What you are asked to do:
Restate word for word the lines of the records below, starting at the line that contains "European Starling - ML643858033" and ending at the line that contains "butterfly garden", with both of those lines included and nothing else.
:: Input for this task
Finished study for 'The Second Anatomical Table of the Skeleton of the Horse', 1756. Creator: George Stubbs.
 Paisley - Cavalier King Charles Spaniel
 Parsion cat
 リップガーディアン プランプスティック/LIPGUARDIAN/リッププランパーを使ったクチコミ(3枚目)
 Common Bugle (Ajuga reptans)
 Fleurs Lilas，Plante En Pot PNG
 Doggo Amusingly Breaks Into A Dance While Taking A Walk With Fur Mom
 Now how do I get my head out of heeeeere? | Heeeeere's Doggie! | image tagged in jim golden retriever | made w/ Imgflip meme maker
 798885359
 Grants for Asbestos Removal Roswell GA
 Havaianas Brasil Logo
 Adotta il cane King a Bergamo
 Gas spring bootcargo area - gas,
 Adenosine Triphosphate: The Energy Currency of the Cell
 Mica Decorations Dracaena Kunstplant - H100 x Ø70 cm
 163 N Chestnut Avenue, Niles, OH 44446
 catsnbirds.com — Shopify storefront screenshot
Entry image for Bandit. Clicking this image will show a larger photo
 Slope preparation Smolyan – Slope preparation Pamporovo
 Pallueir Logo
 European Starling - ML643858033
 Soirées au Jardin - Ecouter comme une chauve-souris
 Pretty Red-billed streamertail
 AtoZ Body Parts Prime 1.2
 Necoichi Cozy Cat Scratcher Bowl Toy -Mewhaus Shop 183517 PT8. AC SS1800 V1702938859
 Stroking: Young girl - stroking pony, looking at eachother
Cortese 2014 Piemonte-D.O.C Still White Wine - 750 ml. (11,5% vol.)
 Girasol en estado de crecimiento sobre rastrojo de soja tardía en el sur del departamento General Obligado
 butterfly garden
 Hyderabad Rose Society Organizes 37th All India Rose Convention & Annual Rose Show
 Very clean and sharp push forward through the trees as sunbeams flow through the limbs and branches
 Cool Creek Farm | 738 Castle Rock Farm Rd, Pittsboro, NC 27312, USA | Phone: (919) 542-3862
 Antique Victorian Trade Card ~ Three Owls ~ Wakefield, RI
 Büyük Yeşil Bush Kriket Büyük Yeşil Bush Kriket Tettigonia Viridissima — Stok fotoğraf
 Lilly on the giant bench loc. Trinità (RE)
::::
Result:
 European Starling - ML643858033
 Soirées au Jardin - Ecouter comme une chauve-souris
 Pretty Red-billed streamertail
 AtoZ Body Parts Prime 1.2
 Necoichi Cozy Cat Scratcher Bowl Toy -Mewhaus Shop 183517 PT8. AC SS1800 V1702938859
 Stroking: Young girl - stroking pony, looking at eachother
Cortese 2014 Piemonte-D.O.C Still White Wine - 750 ml. (11,5% vol.)
 Girasol en estado de crecimiento sobre rastrojo de soja tardía en el sur del departamento General Obligado
 butterfly garden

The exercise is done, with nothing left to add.